I would have expected the strings returned to be in some Unicode format.
Updated by usa (Usaku NAKAMURA) over 9 years ago
- Status changed from Open to Rejected
check Dir.entries('Foo', encoding: 'utf-8')
Updated by thomthom (Thomas Thomassen) over 9 years ago
Usaku NAKAMURA wrote:
check Dir.entries('Foo', encoding: 'utf-8')
Ah, well that worked. I'd been referring to the Ruby 2.0.0 docs where this argument is missing:
http://www.ruby-doc.org/core-2.0/Dir.html#method-c-entries
But why is this needed?
On my machine it returns the strings by default in Windows-1252 - which is the same as File.find('filesystem'). I guess it returns it based on that? But for Windows this is really awkward. Windows-1252 is the compatibility codepage - but the file system itself is perfectly capable of handling Unicode characters.

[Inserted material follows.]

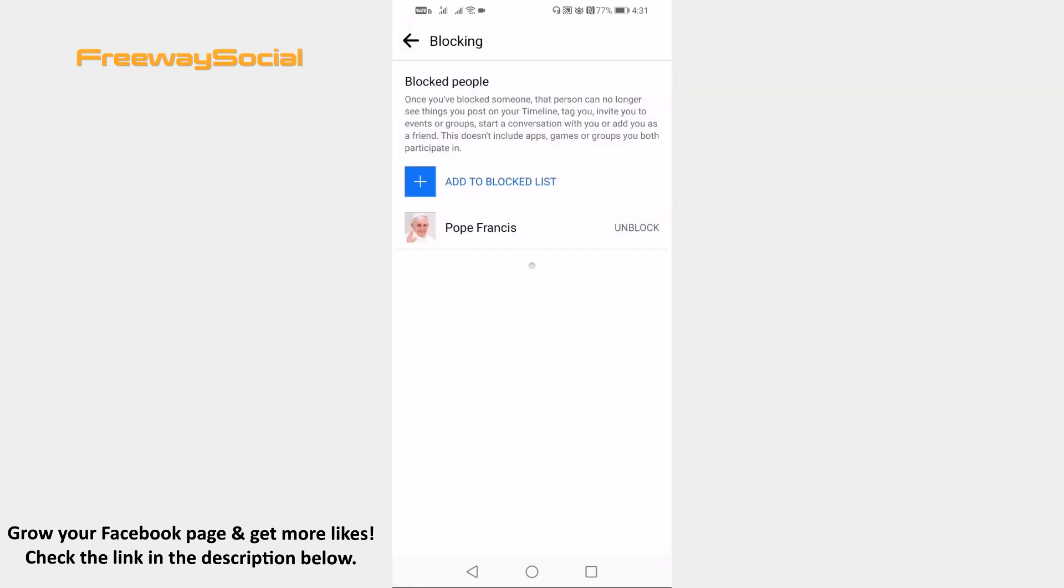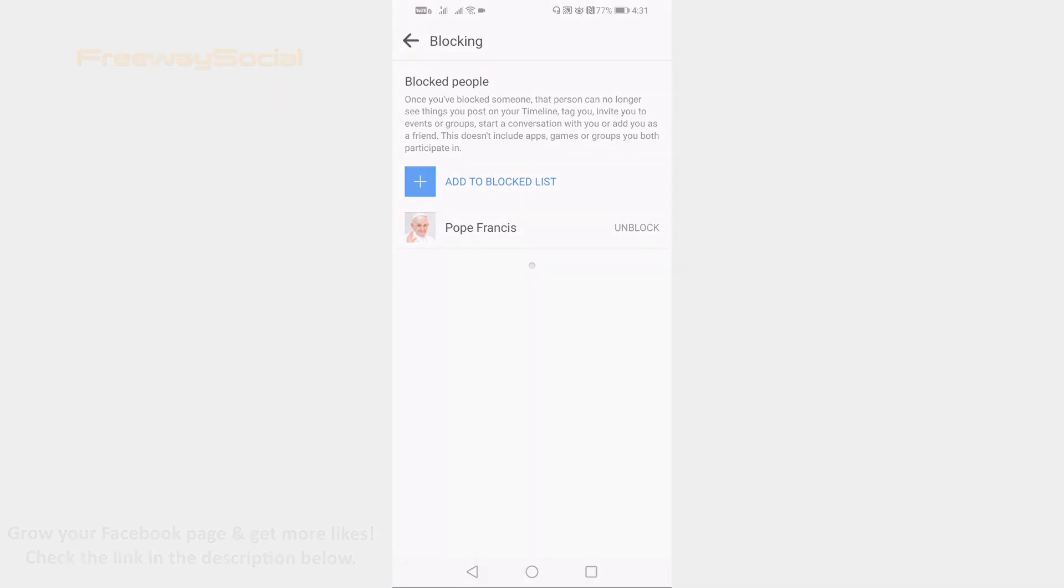In this page you will be able to find blocked Facebook users list. Done! I hope this guide was helpful and you are able to find blocked users list on Facebook. Don't forget to like this video and visit us at FreewaySocial.com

I see Ruby explicitly calls the W versions of the Windows file functions instead of declaring the UNICODE flag - this makes all system calls treat Ruby with compatibility handling.
The Windows file system isn't actually Windows-1252 encoded - or any other encoding ruby currently reports. It's all Unicode - I can use any character I like, so why isn't Ruby just returning result from file functions as Unicode?
Updated by zzak (Zak Scott) over 9 years ago
- Category changed from platform/windows to doc
- Status changed from Rejected to Assigned
- Assignee changed from windows to zzak (Zak Scott)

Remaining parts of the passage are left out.